THE TASK = Everything from the line with "this 1270×952 image." through the final line of the listing below must be retyped exactly, apart from the pictures.

╭─ RECORDS FOR THE EXERCISE

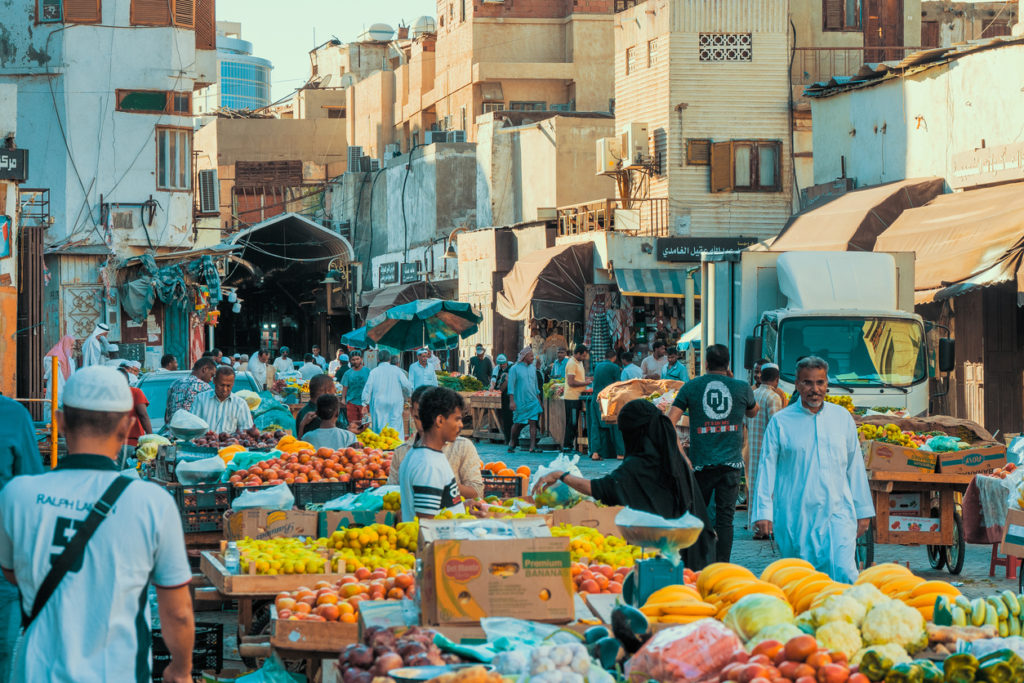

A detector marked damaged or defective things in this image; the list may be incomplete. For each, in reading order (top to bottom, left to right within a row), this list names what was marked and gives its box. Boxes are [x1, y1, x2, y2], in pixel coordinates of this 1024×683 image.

rusted metal door [864, 0, 905, 61]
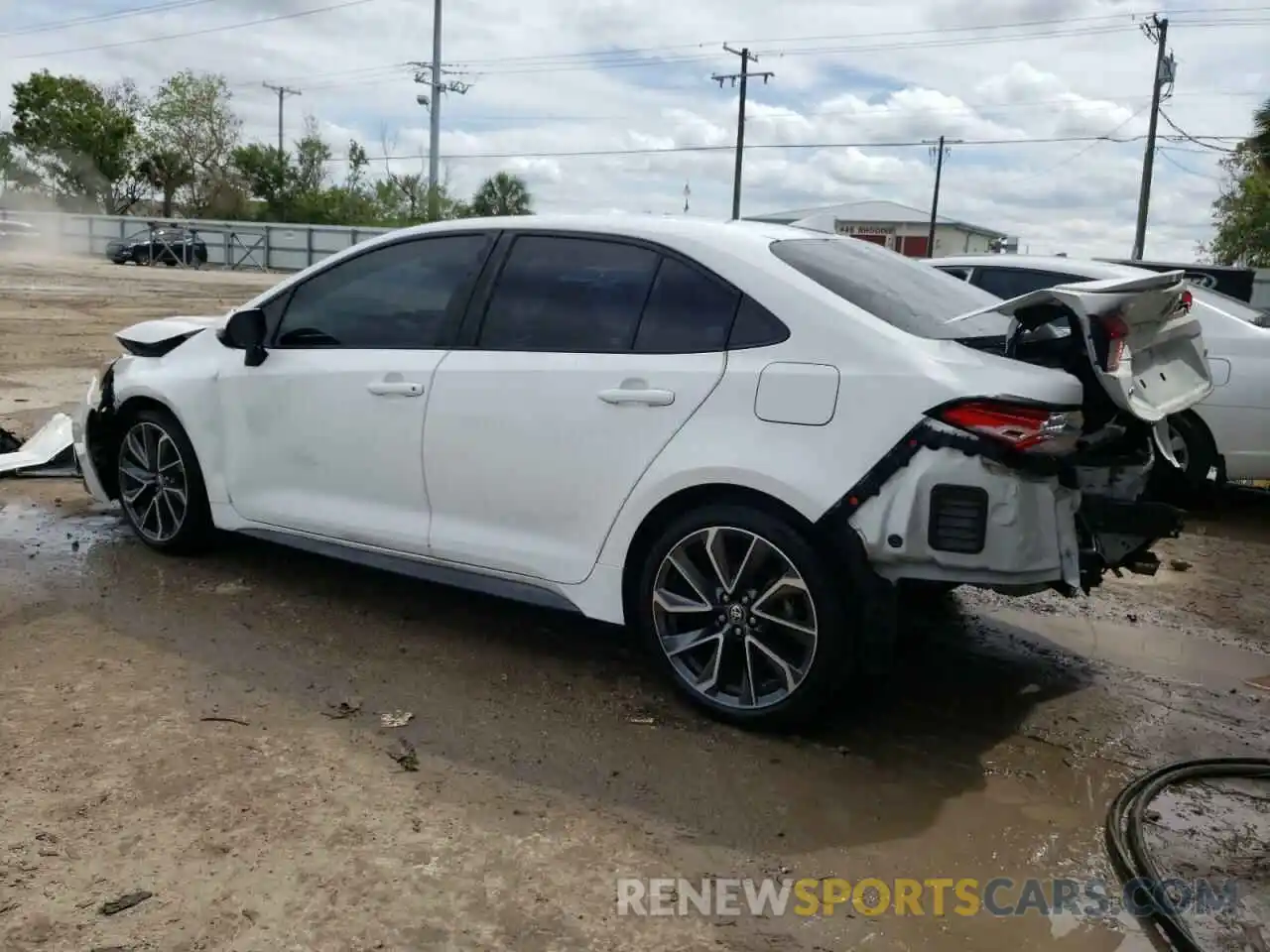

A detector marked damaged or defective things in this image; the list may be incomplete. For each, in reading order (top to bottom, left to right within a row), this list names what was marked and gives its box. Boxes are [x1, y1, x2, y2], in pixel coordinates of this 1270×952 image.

damaged white car [71, 215, 1208, 726]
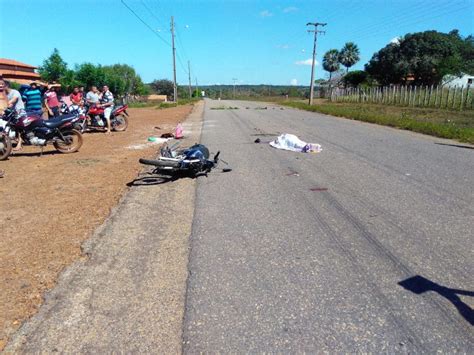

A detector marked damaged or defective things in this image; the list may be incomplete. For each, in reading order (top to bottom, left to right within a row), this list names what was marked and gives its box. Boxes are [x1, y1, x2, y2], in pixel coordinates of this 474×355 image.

╰─

SOLUTION TO THE EXERCISE =
A detector marked damaged or defective things in this image; the list may be incomplete. For each, in reading order (top to bottom, left to right within a row), this list names what was marked and gives its box. Boxes are [x1, y1, x2, y2], in pixel coordinates of this 1270×952 image.

damaged white car [71, 215, 1208, 726]

A detector marked damaged or defective things in this image; the list may be incomplete. For each, in reading order (top to bottom, left to right within a row), this list names what was marked and gives its box. Boxes are [x1, y1, x2, y2], in pixel coordinates of this 474×355 image.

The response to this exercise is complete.